If you write your code side-effect free, these problems go away. A function stands on its own. It's easy to test: pass it some inputs, inspect the outputs, they'll always be the same. It's easy to see what inputs a function depends on: they're all in the argument list. And now your code is thread-safe. And probably runs faster.
It's tricky to think about code this way if you're used to the "mutate a bunch of objects/memory" style of programming, but once you get the hang of it, it becomes relatively straightforward to organize your programs this way. Your code generally ends up as simple as or simpler than the global-mutation version of the same code.

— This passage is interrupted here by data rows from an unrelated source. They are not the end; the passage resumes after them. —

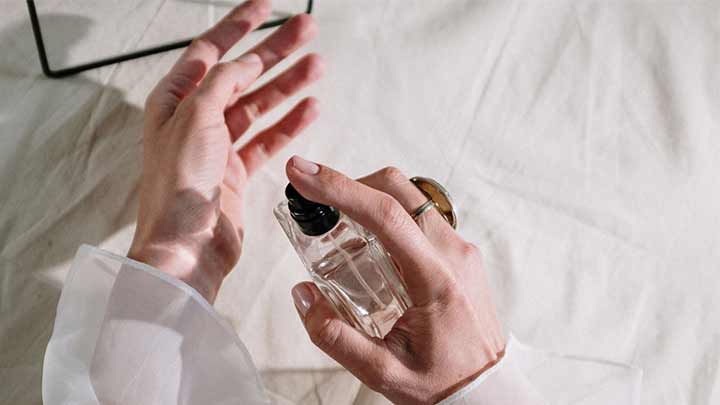 استفاده از آبلیمو برای پاک کردن لکه دئودورانت و عطر از لباس استفاده از آبلیمو برای پاک کردن لکه دئودورانت و عطر از لباس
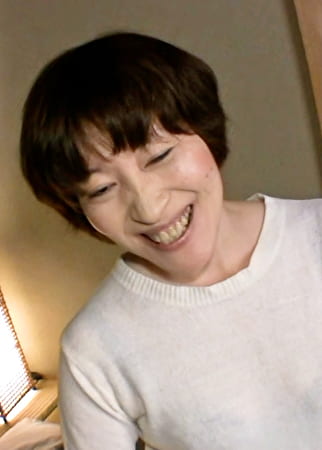 旦那が単身赴任で性欲が抑えきれず決意のAV出演！結婚27年目のショートヘアーで清楚な熟女が淫乱女へと豹変！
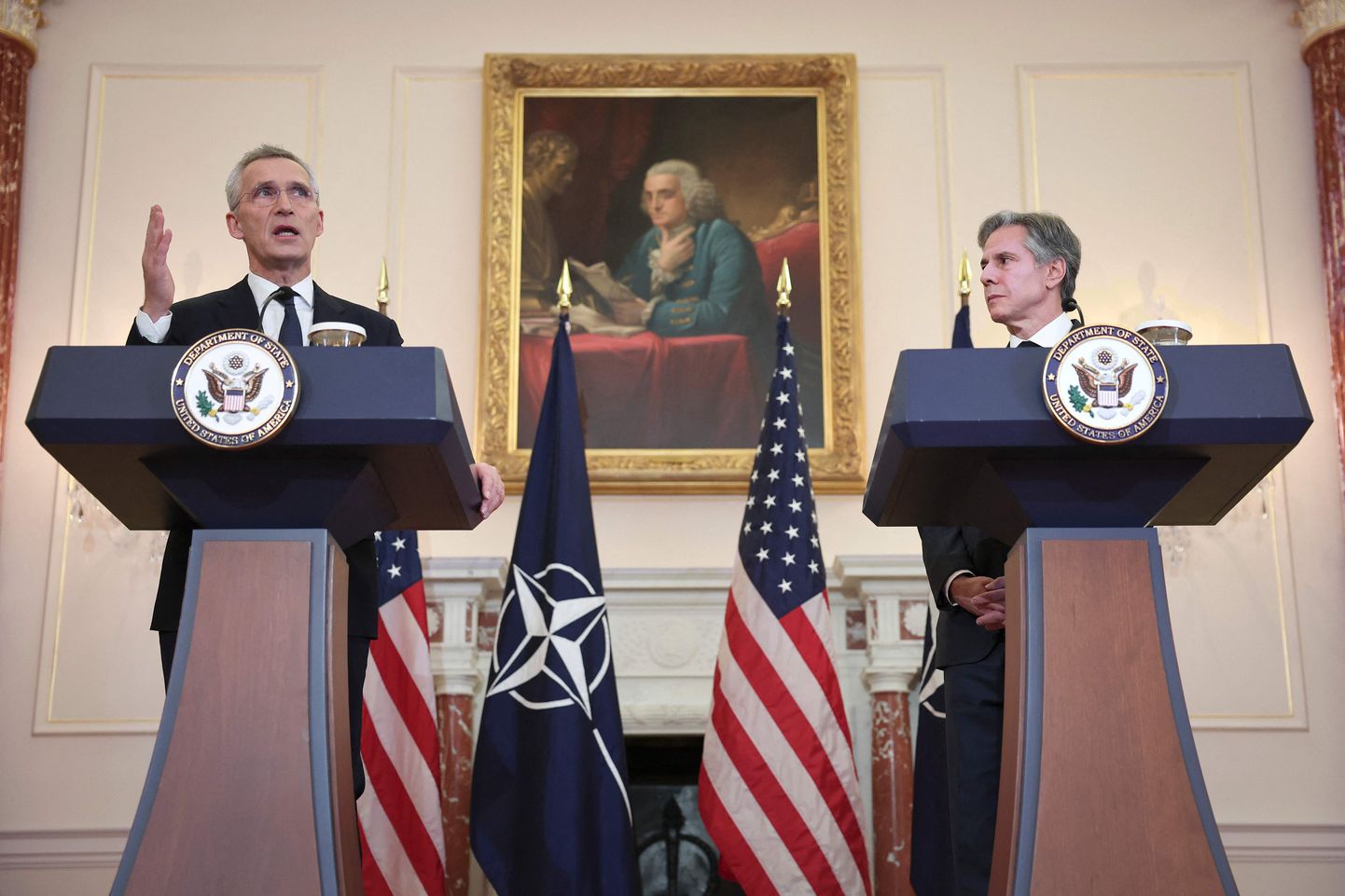 USA välisminister Antony Blinken (paremal) ja NATO peasekretär Jens Stoltenberg 8. veebruaril 2023 Ühendriikide välisministeeriumis pressikonverentsi pidamas.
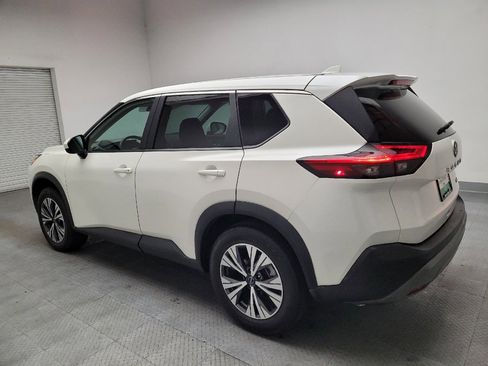 Used 2023 Nissan Rogue SV FWD image 3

Here's a highly contrived example:
(def *address-book* (ref {}))
(defn add [name addr]
(dosync (alter *address-book* assoc name addr)))
(defn report []
(doseq [[name addr] #*address-book*]
(println name ":" addr)))
(defn do-some-stuff []
(add "Brian" "123 Bovine University Blvd.")
(add "Roger" "456 Main St.")
(report))
Looking at do-some-stuff in isolation, what the heck is it doing? There are a lot of things happening implicitly. Down this path lies spaghetti. An arguably better version:
(defn make-address-book [] {})
(defn add [addr-book name addr]
(assoc addr-book name addr))
(defn report [addr-book]
(doseq [[name addr] addr-book]
(println name ":" addr)))
(defn do-some-stuff []
(let [addr-book (make-address-book)]
(-> addr-book
(add "Brian" "123 Bovine University Blvd.")
(add "Roger" "456 Main St.")
(report))))
Now it's clear what do-some-stuff is doing, even in isolation. You can have as many address books floating around as you want. Multiple threads could have their own. You can use this code from multiple namespaces safely. You can't forget to initialize the address book, because you pass it as an argument. You can test report easily: just pass the desired "mock" address book in and see what it prints. You don't have to care about any global state or anything but the function you're testing at the moment.
If you don't need to coordinate updates to a data structure from multiple threads, there's usually no need to use refs or global vars.